Flutter Plugin for MediaPipe Machine Learning Library
- Mentors
- Paul Ruiz
- Organization
- TensorFlow
- Technologies
- swift, kotlin, flutter, dart
- Topics
- machine learning, deep learning, Cross-Platform Mobile
This project outlines the development of a Flutter plugin for MediaPipe, with a focus on a feature-first approach. The plan includes implementing the Text Task API, Audio Task API, and Vision Task API, which covers Hand Landmark Detection, Gesture Recognition, and Image Classification and Embedding. The project also involves testing and documenting each feature, as well as creating demo apps to showcase them. The project is estimated to take approximately 12 weeks, with each feature being developed and tested in a separate 1-3 week timeframe. The final week will be dedicated to finalizing documentation, creating code tutorials, and preparing the plugin for publication. The goal is to create a high-quality, well-documented plugin that is compatible with different platforms and easy to use for developers.
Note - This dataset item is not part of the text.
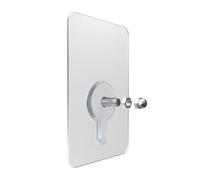 COHEALI 10pcs Acrylic Picture Hooks Non-Trace Punch-Free Screw Stickers Multi-Purpose Strong Load-Bearing Picture Hanging Kit for Solid Walls and Lime Wall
The main goals for the finished result of the project are:
- Multi-platform Flutter plugin for MediaPipe - The primary deliverable of the project is a Flutter plugin that is compatible with both iOS and Android.
- Testing and documentation - Each feature must be thoroughly tested and documented to ensure that they work as intended and that developers can easily use them.
- Demo apps - Creating demo apps to showcase each feature is an essential part of the project.
- Interactive Codelab tutorials - While not required, the creation of interactive Codelab tutorials would be a valuable addition to the project, particularly for the documentation phase.